▶ Task requirements:
Every line of the listing below is to be duplicated exactly, with the pictures left out.

━━━━━ Exercise data

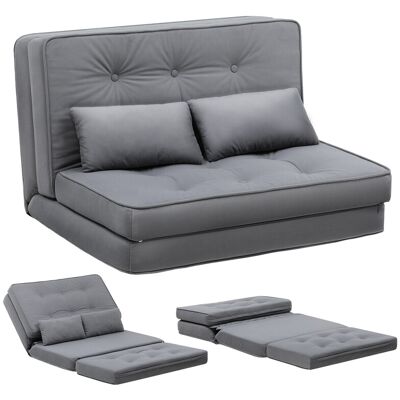 COMHOMA Canapé-lit pliant, 3-en-1 avec dossier réglable à 6 niveaux, 2 coussins lombaires, convient pour salon, chambre et camping, gris - Publicité COMHOMA Canapé-lit pliant, 3-en-1 avec dossier réglable à 6 niveaux, 2 coussins lombaires, convient pour salon, chambre et camping, gris - Publicité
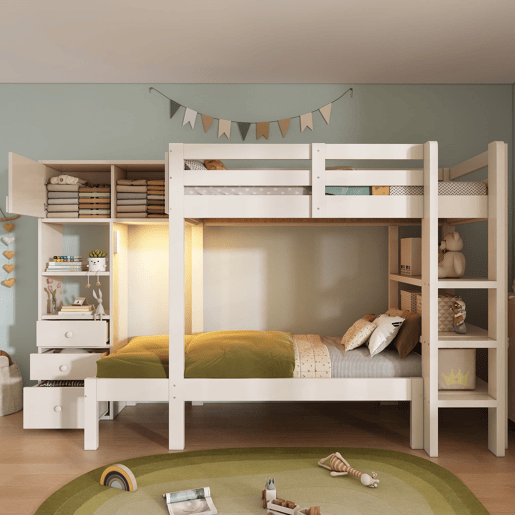 Cama beliche 90x200 cm - Luz noturna inteligente, design escalonado, com armário e estante - Branco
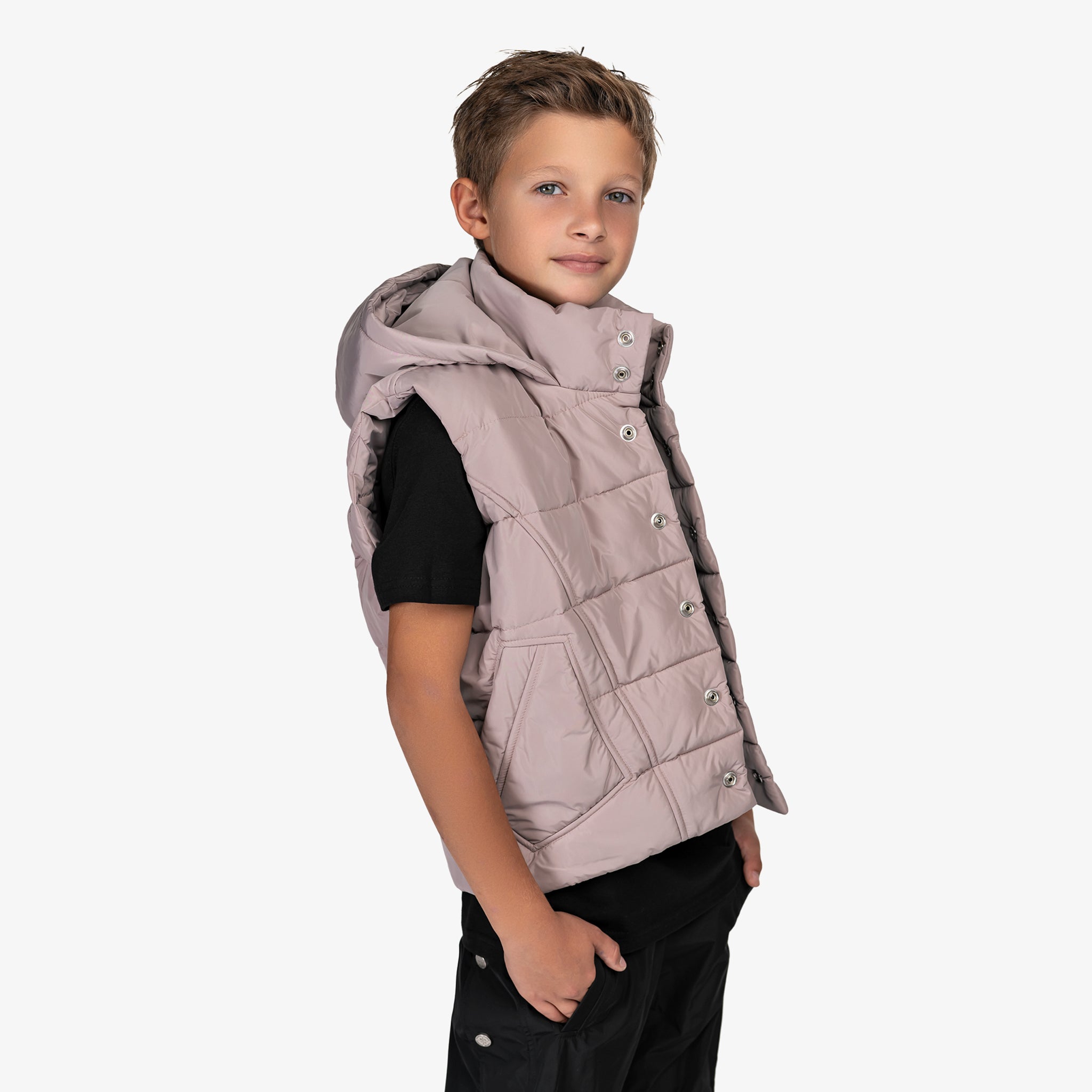 Stud hood vest - V33974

━━━━━━━━━━

▶ Written response:
 COMHOMA Canapé-lit pliant, 3-en-1 avec dossier réglable à 6 niveaux, 2 coussins lombaires, convient pour salon, chambre et camping, gris - Publicité COMHOMA Canapé-lit pliant, 3-en-1 avec dossier réglable à 6 niveaux, 2 coussins lombaires, convient pour salon, chambre et camping, gris - Publicité
 Cama beliche 90x200 cm - Luz noturna inteligente, design escalonado, com armário e estante - Branco
 Stud hood vest - V33974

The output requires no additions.